Records excerpted from a collection
========================

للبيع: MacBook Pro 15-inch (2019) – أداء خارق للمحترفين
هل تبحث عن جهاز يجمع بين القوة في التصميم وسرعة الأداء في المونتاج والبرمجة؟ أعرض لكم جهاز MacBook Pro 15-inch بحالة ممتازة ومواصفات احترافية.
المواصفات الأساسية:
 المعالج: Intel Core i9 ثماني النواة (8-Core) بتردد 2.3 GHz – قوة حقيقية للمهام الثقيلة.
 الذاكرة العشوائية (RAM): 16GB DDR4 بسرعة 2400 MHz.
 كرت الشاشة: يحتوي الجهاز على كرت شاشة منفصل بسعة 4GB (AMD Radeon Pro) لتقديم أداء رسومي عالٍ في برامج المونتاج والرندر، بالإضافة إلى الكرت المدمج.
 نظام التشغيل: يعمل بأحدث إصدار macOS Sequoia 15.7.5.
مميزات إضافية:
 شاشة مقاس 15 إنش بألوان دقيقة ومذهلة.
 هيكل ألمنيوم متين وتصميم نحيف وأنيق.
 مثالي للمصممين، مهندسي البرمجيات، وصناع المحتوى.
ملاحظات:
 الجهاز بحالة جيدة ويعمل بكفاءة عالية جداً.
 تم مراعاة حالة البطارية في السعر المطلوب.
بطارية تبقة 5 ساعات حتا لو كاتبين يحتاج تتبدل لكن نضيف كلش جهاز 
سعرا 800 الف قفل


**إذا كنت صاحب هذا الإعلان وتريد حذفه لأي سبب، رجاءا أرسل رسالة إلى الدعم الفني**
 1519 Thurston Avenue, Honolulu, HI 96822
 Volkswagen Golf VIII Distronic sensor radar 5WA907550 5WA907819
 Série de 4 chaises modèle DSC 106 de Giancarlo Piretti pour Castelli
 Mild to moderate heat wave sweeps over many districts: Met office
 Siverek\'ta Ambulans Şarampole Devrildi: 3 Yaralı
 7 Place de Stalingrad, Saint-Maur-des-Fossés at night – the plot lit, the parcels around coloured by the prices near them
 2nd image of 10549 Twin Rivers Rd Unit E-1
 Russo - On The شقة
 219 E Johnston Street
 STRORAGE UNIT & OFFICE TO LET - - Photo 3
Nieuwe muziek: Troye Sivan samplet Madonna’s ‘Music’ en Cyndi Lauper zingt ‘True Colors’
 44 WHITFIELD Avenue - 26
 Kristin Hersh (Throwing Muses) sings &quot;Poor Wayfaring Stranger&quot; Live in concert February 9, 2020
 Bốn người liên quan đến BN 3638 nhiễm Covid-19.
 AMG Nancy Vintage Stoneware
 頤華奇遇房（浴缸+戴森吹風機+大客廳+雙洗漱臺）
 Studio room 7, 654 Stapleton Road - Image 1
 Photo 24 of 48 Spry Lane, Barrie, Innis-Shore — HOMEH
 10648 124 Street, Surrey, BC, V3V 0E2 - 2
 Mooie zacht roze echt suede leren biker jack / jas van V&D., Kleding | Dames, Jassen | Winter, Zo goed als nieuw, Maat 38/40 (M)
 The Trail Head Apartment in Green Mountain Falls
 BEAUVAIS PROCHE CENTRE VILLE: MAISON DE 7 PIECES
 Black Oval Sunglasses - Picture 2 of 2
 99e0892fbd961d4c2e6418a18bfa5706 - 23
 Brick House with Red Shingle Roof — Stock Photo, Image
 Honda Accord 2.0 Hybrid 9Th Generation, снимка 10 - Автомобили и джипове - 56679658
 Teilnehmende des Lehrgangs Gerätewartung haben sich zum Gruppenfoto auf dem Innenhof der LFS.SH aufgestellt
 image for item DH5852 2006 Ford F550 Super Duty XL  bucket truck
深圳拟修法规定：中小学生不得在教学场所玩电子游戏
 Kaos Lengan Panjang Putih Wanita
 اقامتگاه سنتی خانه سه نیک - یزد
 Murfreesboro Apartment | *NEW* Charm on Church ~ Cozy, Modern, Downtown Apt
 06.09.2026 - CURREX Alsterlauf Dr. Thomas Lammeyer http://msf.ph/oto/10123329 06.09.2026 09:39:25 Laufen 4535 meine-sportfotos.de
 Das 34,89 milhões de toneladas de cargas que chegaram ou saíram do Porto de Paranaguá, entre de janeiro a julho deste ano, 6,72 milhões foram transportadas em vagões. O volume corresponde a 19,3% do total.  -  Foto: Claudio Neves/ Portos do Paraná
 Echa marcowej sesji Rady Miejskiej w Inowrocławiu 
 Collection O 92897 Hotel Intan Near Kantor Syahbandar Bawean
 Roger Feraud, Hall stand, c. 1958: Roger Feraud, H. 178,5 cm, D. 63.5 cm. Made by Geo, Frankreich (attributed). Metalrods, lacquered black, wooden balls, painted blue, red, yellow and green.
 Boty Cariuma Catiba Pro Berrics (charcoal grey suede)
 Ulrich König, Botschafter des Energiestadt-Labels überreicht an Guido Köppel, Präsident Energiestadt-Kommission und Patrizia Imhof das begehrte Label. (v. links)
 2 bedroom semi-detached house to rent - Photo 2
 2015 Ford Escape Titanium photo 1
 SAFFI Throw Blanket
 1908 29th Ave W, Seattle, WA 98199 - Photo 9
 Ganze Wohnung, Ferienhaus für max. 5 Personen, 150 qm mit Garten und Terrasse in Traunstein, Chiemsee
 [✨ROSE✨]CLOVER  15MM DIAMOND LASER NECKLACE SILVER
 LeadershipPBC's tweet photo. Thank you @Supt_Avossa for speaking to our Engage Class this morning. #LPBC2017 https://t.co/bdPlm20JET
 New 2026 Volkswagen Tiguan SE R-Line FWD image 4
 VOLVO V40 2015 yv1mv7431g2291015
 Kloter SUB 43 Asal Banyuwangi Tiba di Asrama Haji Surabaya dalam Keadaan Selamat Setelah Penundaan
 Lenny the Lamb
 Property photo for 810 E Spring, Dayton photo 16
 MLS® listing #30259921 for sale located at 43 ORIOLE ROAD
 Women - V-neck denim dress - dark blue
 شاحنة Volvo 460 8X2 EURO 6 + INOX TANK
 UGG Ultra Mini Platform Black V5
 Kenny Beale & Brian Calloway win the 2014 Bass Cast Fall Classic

========================

**WHAT TO PRODUCE**. Take the lines above from the first through the one containing "1519 Thurston Avenue, Honolulu, HI 96822" and reproduce them exactly; include nothing else.

**RESULT**.
للبيع: MacBook Pro 15-inch (2019) – أداء خارق للمحترفين
هل تبحث عن جهاز يجمع بين القوة في التصميم وسرعة الأداء في المونتاج والبرمجة؟ أعرض لكم جهاز MacBook Pro 15-inch بحالة ممتازة ومواصفات احترافية.
المواصفات الأساسية:
 المعالج: Intel Core i9 ثماني النواة (8-Core) بتردد 2.3 GHz – قوة حقيقية للمهام الثقيلة.
 الذاكرة العشوائية (RAM): 16GB DDR4 بسرعة 2400 MHz.
 كرت الشاشة: يحتوي الجهاز على كرت شاشة منفصل بسعة 4GB (AMD Radeon Pro) لتقديم أداء رسومي عالٍ في برامج المونتاج والرندر، بالإضافة إلى الكرت المدمج.
 نظام التشغيل: يعمل بأحدث إصدار macOS Sequoia 15.7.5.
مميزات إضافية:
 شاشة مقاس 15 إنش بألوان دقيقة ومذهلة.
 هيكل ألمنيوم متين وتصميم نحيف وأنيق.
 مثالي للمصممين، مهندسي البرمجيات، وصناع المحتوى.
ملاحظات:
 الجهاز بحالة جيدة ويعمل بكفاءة عالية جداً.
 تم مراعاة حالة البطارية في السعر المطلوب.
بطارية تبقة 5 ساعات حتا لو كاتبين يحتاج تتبدل لكن نضيف كلش جهاز 
سعرا 800 الف قفل


**إذا كنت صاحب هذا الإعلان وتريد حذفه لأي سبب، رجاءا أرسل رسالة إلى الدعم الفني**
 1519 Thurston Avenue, Honolulu, HI 96822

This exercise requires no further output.